For 20 years the Park and Recreation Board planted the shade trees with the mistaken belief that power lines would be buried by the time the trunks and branches grew tall enough to reach them. Since 1998 the Park Board has planted only shorter-growing trees under electric wires, but the earlier miscalculation is now leading to the loss of limbs from beloved trees.
A crew pruning a line of trees along 22nd Avenue in northeast Minneapolis a few months ago created an ugly vista, according to Lee Gilbertson, who lives on Stinson Parkway.
"They did a horrendous job aesthetically," Gilbertson said.
"One day we had some shade, and the next day you had these barren spots like someone shot a missile right down between the tree lines."
When Don Grogan saw tree trimmers working recently in his south Minneapolis neighborhood, he was astonished to see how radically they were pruning the branches.
"There's a 30-foot pine tree out here cut to 20 feet with no top on it," he said.
Grogan's complaint isn't unique to Minneapolis: Homeowners throughout the metro area are sometimes unhappy when tree limbs are lopped off so that power lines can be clear.
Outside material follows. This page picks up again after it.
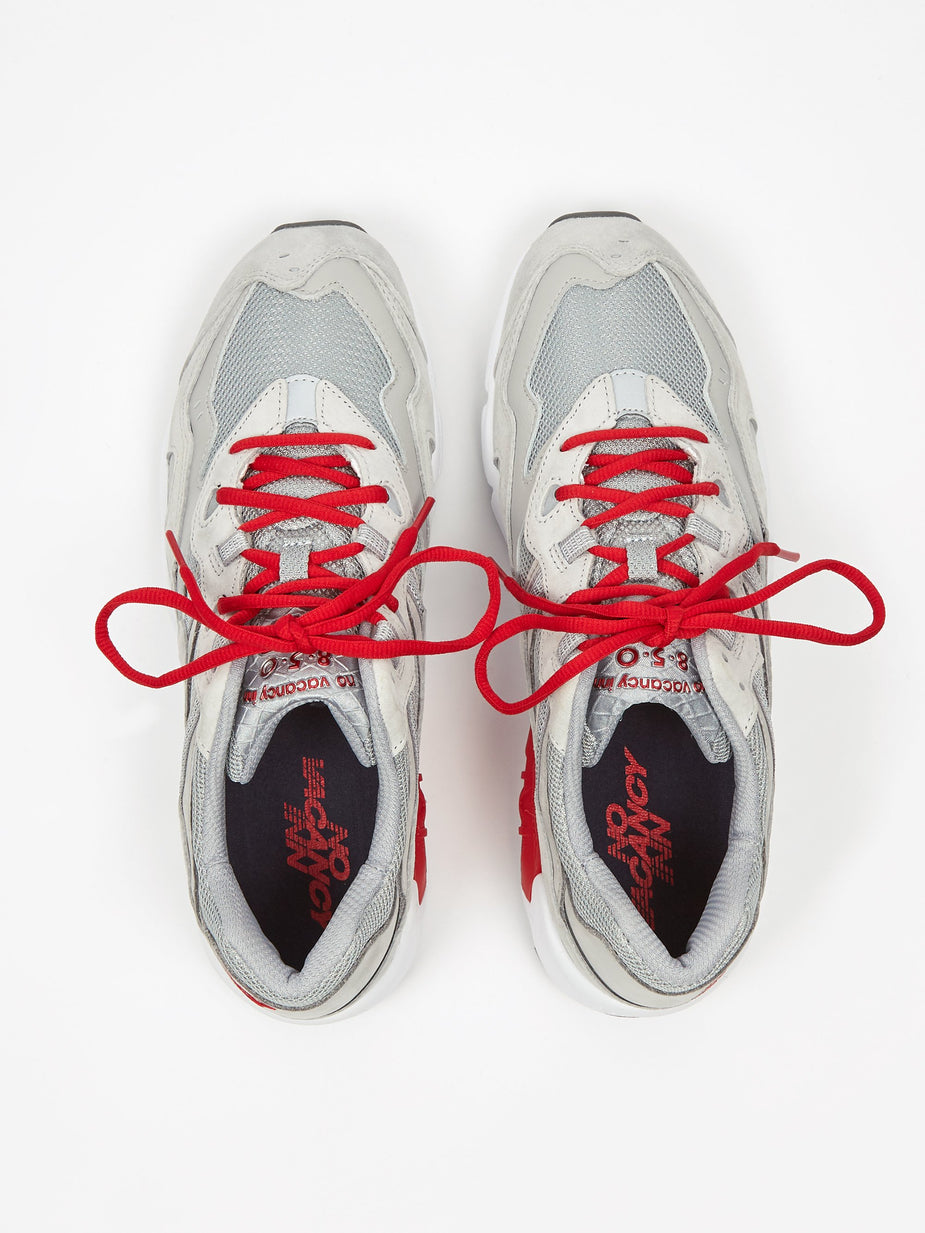 New Balance New Balance x No Vacancy Inn ML850NVA - Beige/White/Red - Red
For Xcel Energy, it's a necessity.
"The two main drivers are public safety and electricity reliability," said Fletcher Johnson, vegetation management supervisor for the utility. About 75 crews hired by Xcel work year-round in the seven-county metro area, he said, pruning about 1.6 million trees along streets and alleys on a five-year rotation.
How trees are trimmed is determined by their branch structure and shape, he said, and in many cases the only choice is to remove the central stem at 20 to 30 feet and leave branches that grow sideways. "We're ultimately forced into trying to make a tree into a different shape than what Mother Nature intended," Johnson said.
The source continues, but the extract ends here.